On arrival, echocardiography detected an elevated right ventricular pressure due to right ventricular outflow tract obstruction. Two years later, when she was 32 years old, a massive lesion in the left upper mediastinum was first noticed on a chest X-ray and retrospective review of the patient’s chest X-rays revealed that the lesion had been already observed at the previous admission, when she was 30 years old (Fig. 1b, c). Enhanced three-dimensional (3D) computed tomography showed a pseudoaneurysm (53 mm in diameter) that originated from of the left subclavian artery (Fig. 2a) where the previous mBTS was anastomosed. Subsequent cardiac catheter examination showed that the right ventricular systolic pressure was about 70% of the systemic arterial pressure. The diameter of the ascending aorta was 41 mm. The patient had no pregnancy-induced hypertension, with her systolic blood pressure kept under 100 mmHg in the third trimester of pregnancy.

Fig. 2
figure 2

Enhanced 3D computed tomography findings before (a) and after (b) the replacement of left subclavian artery. White arrows indicate pseudoaneurysm. VA vertebral artery, LPA left pulmonary artery

Full size image

Pseudoaneurysm exclusion, replacement of left subclavian artery, and right ventricular outflow tract reconstruction were performed when the patient was 33 years of age. Following a femoro-femoral cardiopulmonary bypass, a median full sternotomy was extended above the left clavicle. The sternocleidomastoid was divided to identify the distal subclavian artery. The right ventricular outflow tract, distal aortic arch, and distal left subclavian artery were carefully dissected and successfully encircled. Under the deep hypothermic circulatory arrest, the left pleural space was explored and pseudoaneurysm sac was opened. The previously placed shunt graft was not found in the aneurysm. The aneurysm sac adhered strongly to the left upper lobe and could not be removed. The left subclavian artery was then replaced with a 6-mm ringed expanded polytetrafluoroethylene graft. The right ventricular outflow tract was reconstructed with a 24-mm expanded polytetrafluoroethylene graft with handmade trileaflet valves. Postoperative enhanced 3D computed tomography showed a patent subclavian graft, vertebral artery and distal subclavian artery (Fig. 2b).

Comment

As far as we reviewed, pseudoaneurysm that formed after more than 10 years interval from the division of systemic to pulmonary shunt using artificial graft has never been reported. Although the subclavian artery pseudoaneurysm can occur by infection, traumatic accident, weakness of the artery and so on [2]; all of which was not seen with this patient. Relation of pregnancy-induced hypertension was also suspected [3], but she was free from preeclampsia. Previous surgical stress tension caused by the suture shunt graft to the subclavian artery itself might be triggered formation of the pseudoaneurysm. Our case suggests that period checkups using chest X-rays are recommended after division of the shunts for the patient’s entire life.

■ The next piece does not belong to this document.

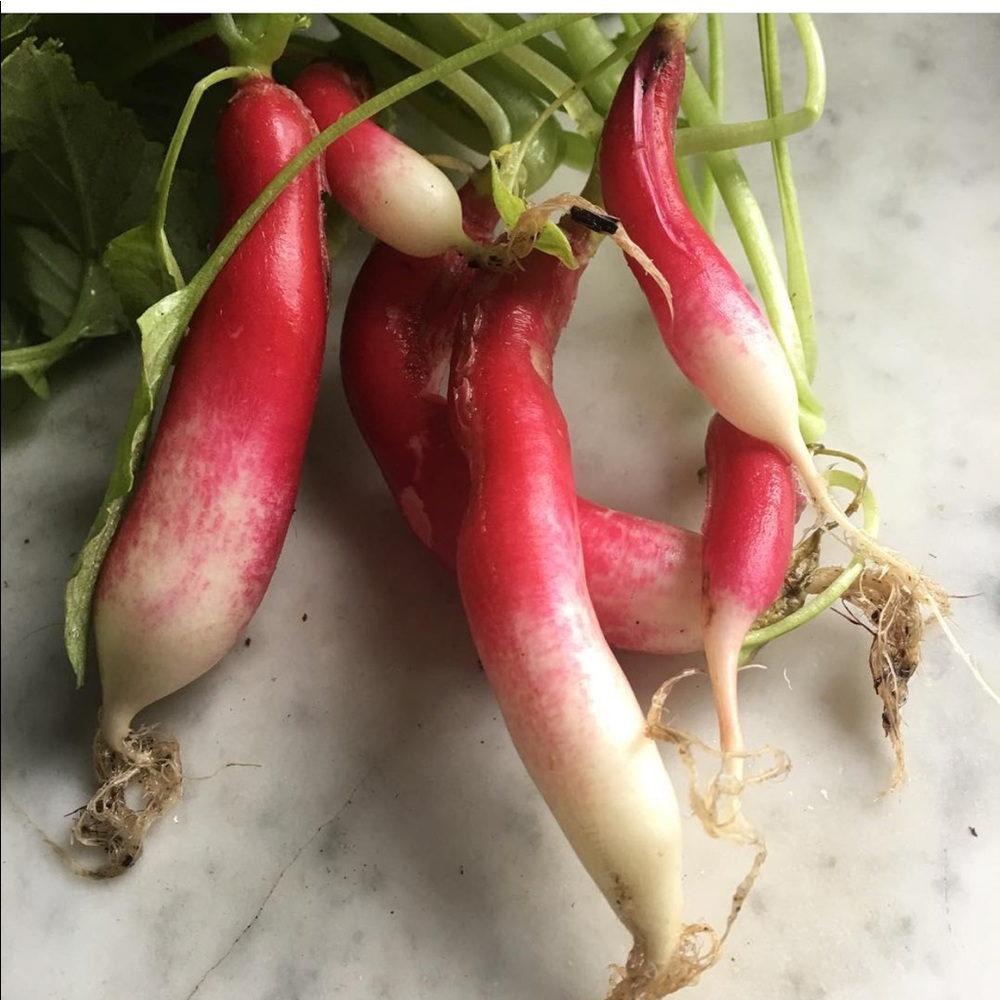 French Radishes :SEEDS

The indication for the endovascular repair was discussed before surgery. At the time, covered stent grafts were not formally permitted in Japan for small caliber arteries such as the subclavian artery [4]. Occlusion of the left subclavian artery by the thoracic endovascular stent graft and individual reconstruction of the vertebral artery and distal subclavian artery was an alternative option. Loss of vascular elasticity by inserting the endovascular stent graft is known to increase the shear stress on the proximal aortic wall, which can sometimes resulting in retrograde dissection or aneurysm formation [5]. Especially in patients with conotruncal anomalies, aortic root dilatation and/or systemic semilunar valve regurgitation are known to progress naturally [6]. Thoracic endovascular repair was, therefore, thought to be a contraindication.